=== WHAT THE EXERCISE ASKS ===
Every entry is to be returned exactly as it stands; the pictures are to be dropped.

_ _ _ _ _ _ _

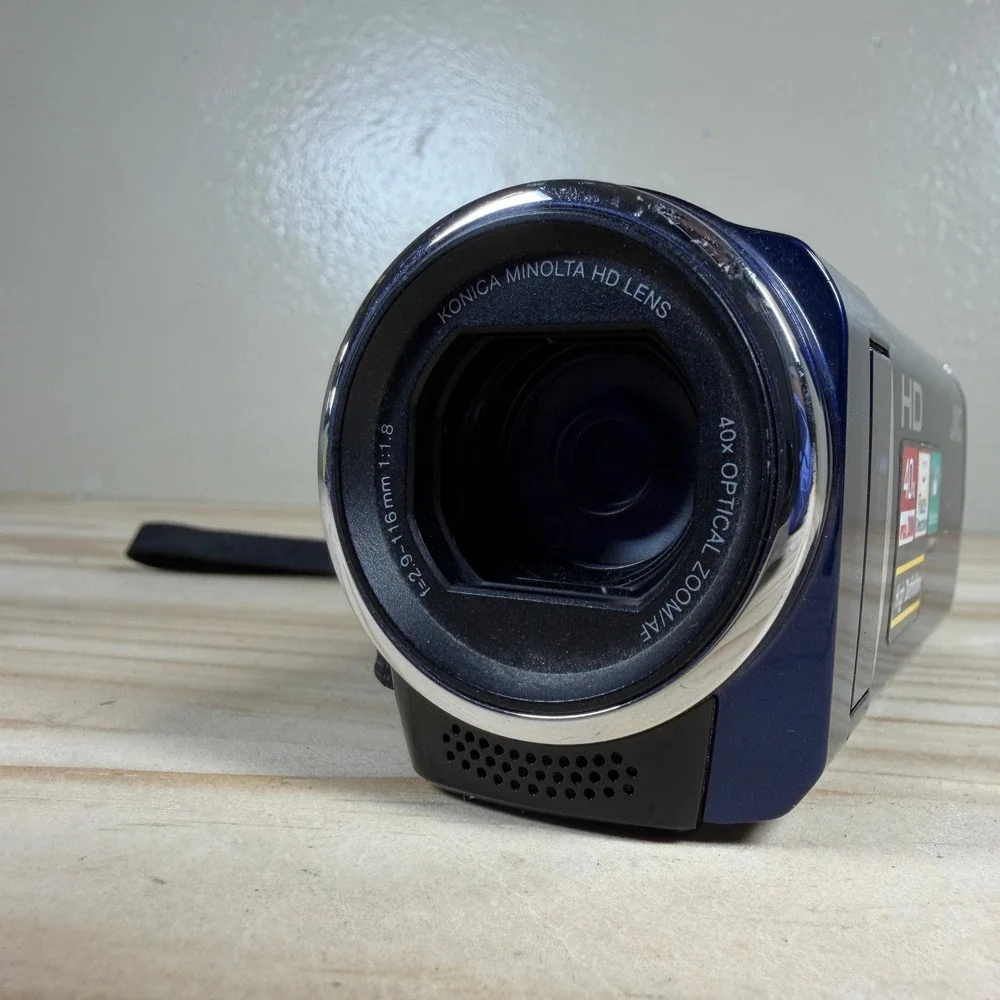 JVC Everio GZ-HM30AU Camcorder Blue 40x Optical Zoom High Definition w/Charger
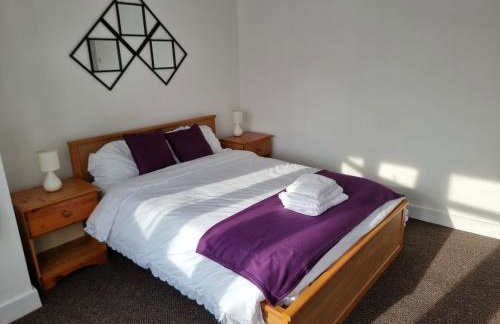 Entire 3 bedroom home with Parking in Welling, London, UK - Photo 23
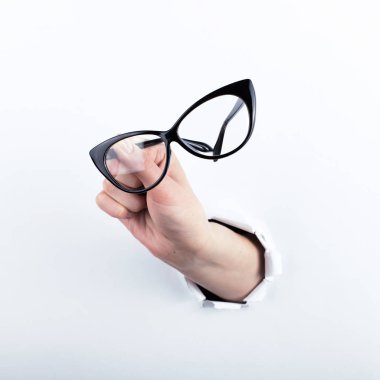 El gözlük vizyon için tutan paperman, delik dışında. Beyaz arka plan üzerinde izole.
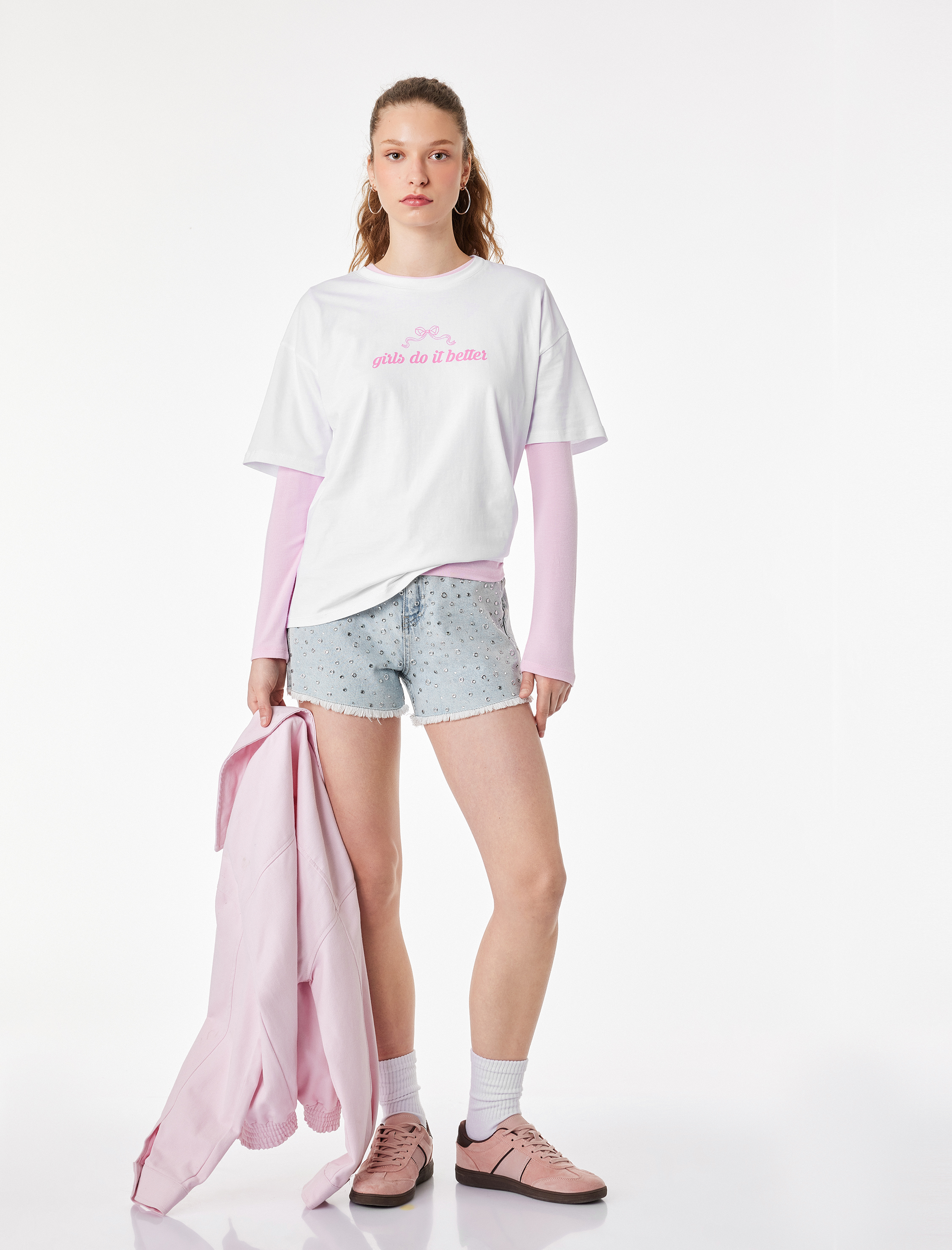   Rahat Kalıp Kısa Kollu Bisiklet Yaka Pamuklu Fiyonk Baskılı Tişört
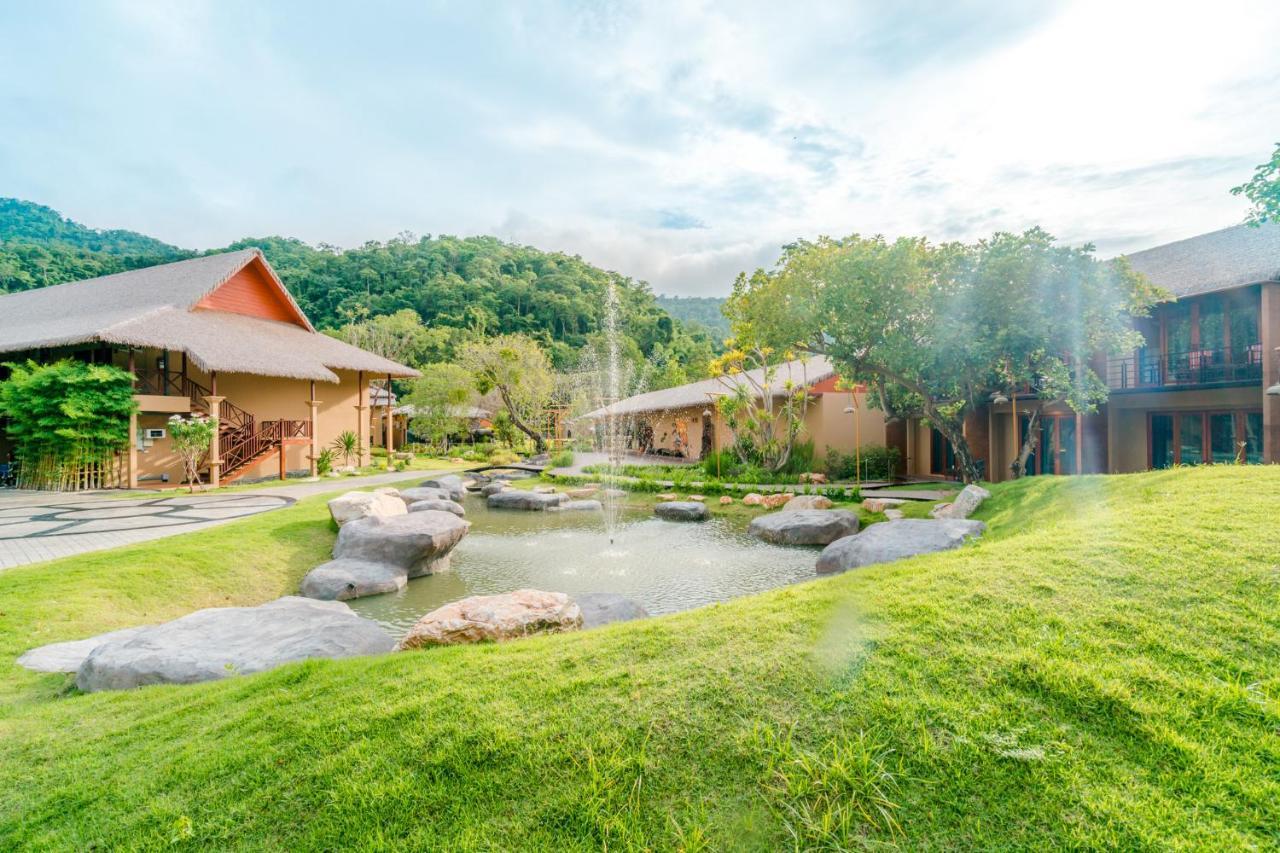 Recall Isaan Isan Concept At Khaoyai Sha Extra Hotel Mu Si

_ _ _ _ _ _ _

=== SOLUTION FOR THIS PROBLEM ===
 JVC Everio GZ-HM30AU Camcorder Blue 40x Optical Zoom High Definition w/Charger
 Entire 3 bedroom home with Parking in Welling, London, UK - Photo 23
 El gözlük vizyon için tutan paperman, delik dışında. Beyaz arka plan üzerinde izole.
   Rahat Kalıp Kısa Kollu Bisiklet Yaka Pamuklu Fiyonk Baskılı Tişört
 Recall Isaan Isan Concept At Khaoyai Sha Extra Hotel Mu Si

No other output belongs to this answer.